▸ **TASK DIRECTIONS**
Set down again exactly the lines of the listing below that fall between the line holding "138 Sir Phillips Dr #138 - Photo 3 of 15" and the line holding "Vintage Tiffany-Style Stained", inclusive.

▸ **MATERIAL FOR THE TASK**
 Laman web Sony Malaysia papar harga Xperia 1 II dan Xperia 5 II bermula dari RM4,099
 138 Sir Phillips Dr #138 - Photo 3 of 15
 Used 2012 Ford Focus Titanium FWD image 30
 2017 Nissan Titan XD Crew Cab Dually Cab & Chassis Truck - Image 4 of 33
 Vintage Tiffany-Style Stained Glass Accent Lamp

==

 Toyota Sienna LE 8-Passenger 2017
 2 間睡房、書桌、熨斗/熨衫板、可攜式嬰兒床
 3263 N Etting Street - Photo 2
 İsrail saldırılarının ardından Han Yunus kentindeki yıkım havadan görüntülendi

...

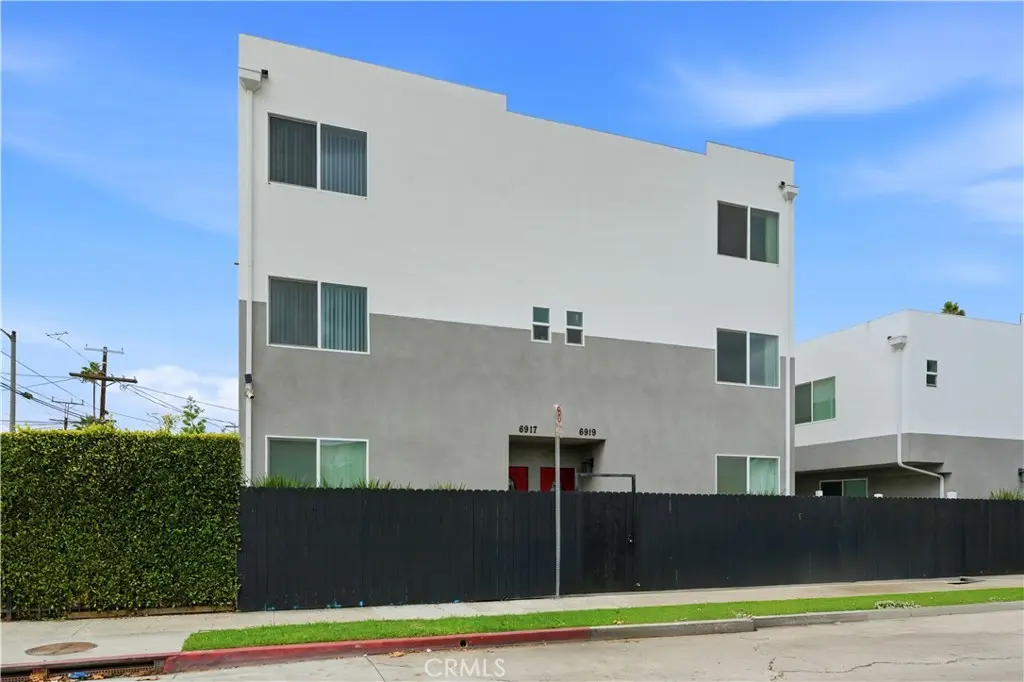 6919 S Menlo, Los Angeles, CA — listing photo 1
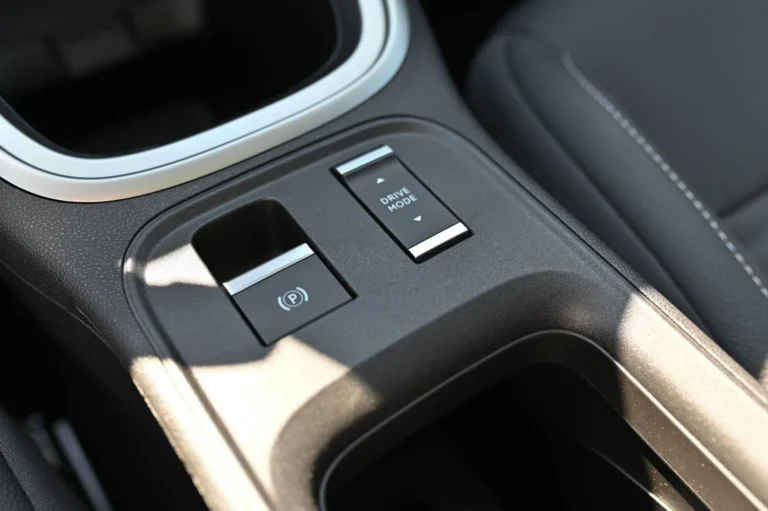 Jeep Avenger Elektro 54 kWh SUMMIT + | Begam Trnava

▸ **EXPECTED ANSWER**
 138 Sir Phillips Dr #138 - Photo 3 of 15
 Used 2012 Ford Focus Titanium FWD image 30
 2017 Nissan Titan XD Crew Cab Dually Cab & Chassis Truck - Image 4 of 33
 Vintage Tiffany-Style Stained Glass Accent Lamp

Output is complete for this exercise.